* TASK: Search the data below for lines that include the word "black" and state how many there are, nothing else.

* EXERCISE DATA:
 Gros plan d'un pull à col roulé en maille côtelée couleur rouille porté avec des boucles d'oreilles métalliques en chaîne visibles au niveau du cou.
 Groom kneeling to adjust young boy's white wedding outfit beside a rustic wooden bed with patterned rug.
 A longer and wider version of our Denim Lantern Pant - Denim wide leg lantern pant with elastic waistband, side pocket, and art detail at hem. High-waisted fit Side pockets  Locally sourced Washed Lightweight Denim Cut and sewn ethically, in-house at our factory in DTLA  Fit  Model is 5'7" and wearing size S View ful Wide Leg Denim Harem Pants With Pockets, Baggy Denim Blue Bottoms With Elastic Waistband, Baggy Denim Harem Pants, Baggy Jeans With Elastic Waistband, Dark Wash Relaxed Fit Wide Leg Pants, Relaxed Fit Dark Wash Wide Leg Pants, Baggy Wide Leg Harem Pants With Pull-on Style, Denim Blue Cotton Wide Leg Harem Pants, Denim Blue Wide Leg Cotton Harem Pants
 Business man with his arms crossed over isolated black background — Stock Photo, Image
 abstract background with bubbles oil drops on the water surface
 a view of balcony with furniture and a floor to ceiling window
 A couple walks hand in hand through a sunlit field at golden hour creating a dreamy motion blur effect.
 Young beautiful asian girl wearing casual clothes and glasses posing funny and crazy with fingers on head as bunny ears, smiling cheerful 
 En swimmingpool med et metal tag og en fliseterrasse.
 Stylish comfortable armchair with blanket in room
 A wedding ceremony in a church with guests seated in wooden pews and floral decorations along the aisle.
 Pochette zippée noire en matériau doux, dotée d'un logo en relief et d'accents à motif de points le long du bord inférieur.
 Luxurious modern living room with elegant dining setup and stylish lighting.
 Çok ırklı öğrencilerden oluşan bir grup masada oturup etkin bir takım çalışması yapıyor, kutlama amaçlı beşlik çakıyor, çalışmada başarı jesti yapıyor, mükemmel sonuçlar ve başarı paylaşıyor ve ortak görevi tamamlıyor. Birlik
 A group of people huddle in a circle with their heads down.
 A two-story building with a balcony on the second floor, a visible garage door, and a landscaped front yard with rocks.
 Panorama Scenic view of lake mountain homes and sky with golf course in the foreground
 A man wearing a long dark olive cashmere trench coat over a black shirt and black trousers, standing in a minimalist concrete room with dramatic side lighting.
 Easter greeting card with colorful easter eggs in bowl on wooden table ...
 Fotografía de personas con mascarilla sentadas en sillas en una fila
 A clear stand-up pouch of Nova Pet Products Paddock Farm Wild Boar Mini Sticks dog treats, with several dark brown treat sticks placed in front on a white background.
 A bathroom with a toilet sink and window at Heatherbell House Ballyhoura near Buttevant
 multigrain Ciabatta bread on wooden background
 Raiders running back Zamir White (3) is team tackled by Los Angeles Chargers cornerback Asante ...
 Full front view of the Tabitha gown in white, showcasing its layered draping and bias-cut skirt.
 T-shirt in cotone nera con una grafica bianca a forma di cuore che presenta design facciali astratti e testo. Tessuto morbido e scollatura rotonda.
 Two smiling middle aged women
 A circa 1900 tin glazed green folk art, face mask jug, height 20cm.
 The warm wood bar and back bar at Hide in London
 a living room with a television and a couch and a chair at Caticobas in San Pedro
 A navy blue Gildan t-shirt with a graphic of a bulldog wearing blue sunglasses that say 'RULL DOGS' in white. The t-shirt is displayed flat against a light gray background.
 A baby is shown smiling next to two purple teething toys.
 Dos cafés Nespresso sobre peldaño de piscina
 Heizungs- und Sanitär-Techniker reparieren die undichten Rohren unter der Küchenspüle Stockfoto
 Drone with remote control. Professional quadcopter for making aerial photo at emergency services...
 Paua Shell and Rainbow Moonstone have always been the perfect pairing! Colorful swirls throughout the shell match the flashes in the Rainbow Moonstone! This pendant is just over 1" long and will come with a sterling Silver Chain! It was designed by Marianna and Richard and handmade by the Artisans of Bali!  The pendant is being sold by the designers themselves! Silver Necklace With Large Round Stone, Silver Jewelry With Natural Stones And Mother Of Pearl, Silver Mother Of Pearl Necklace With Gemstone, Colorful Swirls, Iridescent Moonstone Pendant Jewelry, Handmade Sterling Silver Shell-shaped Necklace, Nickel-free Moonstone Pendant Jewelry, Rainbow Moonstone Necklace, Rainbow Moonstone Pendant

* RESPONSE TO THE TASK: 2